TITLE=Paeonol Protects Against Myocardial Ischemia/Reperfusion-Induced Injury by Mediating Apoptosis and Autophagy Crosstalk

JOURNAL=Frontiers in Pharmacology

VOLUME=Volume 11 - 2020

YEAR=2021

URL=https://www.frontiersin.org/journals/pharmacology/articles/10.3389/fphar.2020.586498

DOI=10.3389/fphar.2020.586498

ISSN=1663-9812

ABSTRACT=Many studies have shown that crosstalk exists between apoptosis and autophagy, despite differences in mechanisms between these processes. Paeonol, a major phenolic compound isolated from Moutan Cortex Radicis, the root bark of Paeonia x suffruticosa Andrews (Paeoniaceae), has been widely used in traditional Chinese medicine as an antipyretic, analgesic and anti-inflammatory agent. In this study, we investigated the detailed molecular mechanisms of the crosstalk between apoptosis and autophagy underlying the cardioprotective effects of paeonol in rats subjected to myocardial ischemia/reperfusion (I/R) injury. Myocardial I/R injury was induced by occlusion of the left anterior descending coronary artery (LAD) for 1 h followed by 3 h of reperfusion. Paeonol was intravenous administration of paeonol 15 min before LAD ligation.

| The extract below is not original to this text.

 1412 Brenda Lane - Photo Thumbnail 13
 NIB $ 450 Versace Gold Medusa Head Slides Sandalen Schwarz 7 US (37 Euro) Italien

We found that paeonol significantly improved cardiac function after myocardial I/R injury and significantly decreased myocardial I/R-induced arrhythmia and mortality. Paeonol also significantly decreased myocardial infarction and plasma LDH activity and troponin I levels in carotid blood after I/R. Treatment with paeonol not only caused significant upregulation of Bcl-2 protein expression, but also significant downregulation of the cleaved form of caspase-8, caspase-9, caspase-3 and PARP proteins expression in the I/R injured myocardium compared with those in vehicle-treated controls. We also found that the myocardial I/R-induced autophagy, including the increase of Beclin-1, p62, LC3-I, and LC3-II protein expression, in the myocardium was significantly reversed by paeonol treatment. Furthermore, paeonol also significantly increased the ratios of Bcl-2 to Bax and Bcl-2 to Beclin-1 in the myocardium after I/R injury. The cardioprotective role of paeonol during I/R injury may be due to its mediation of crosstalk between apoptotic and autophagic signaling pathways, inhibiting apoptosis and autophagic cell death.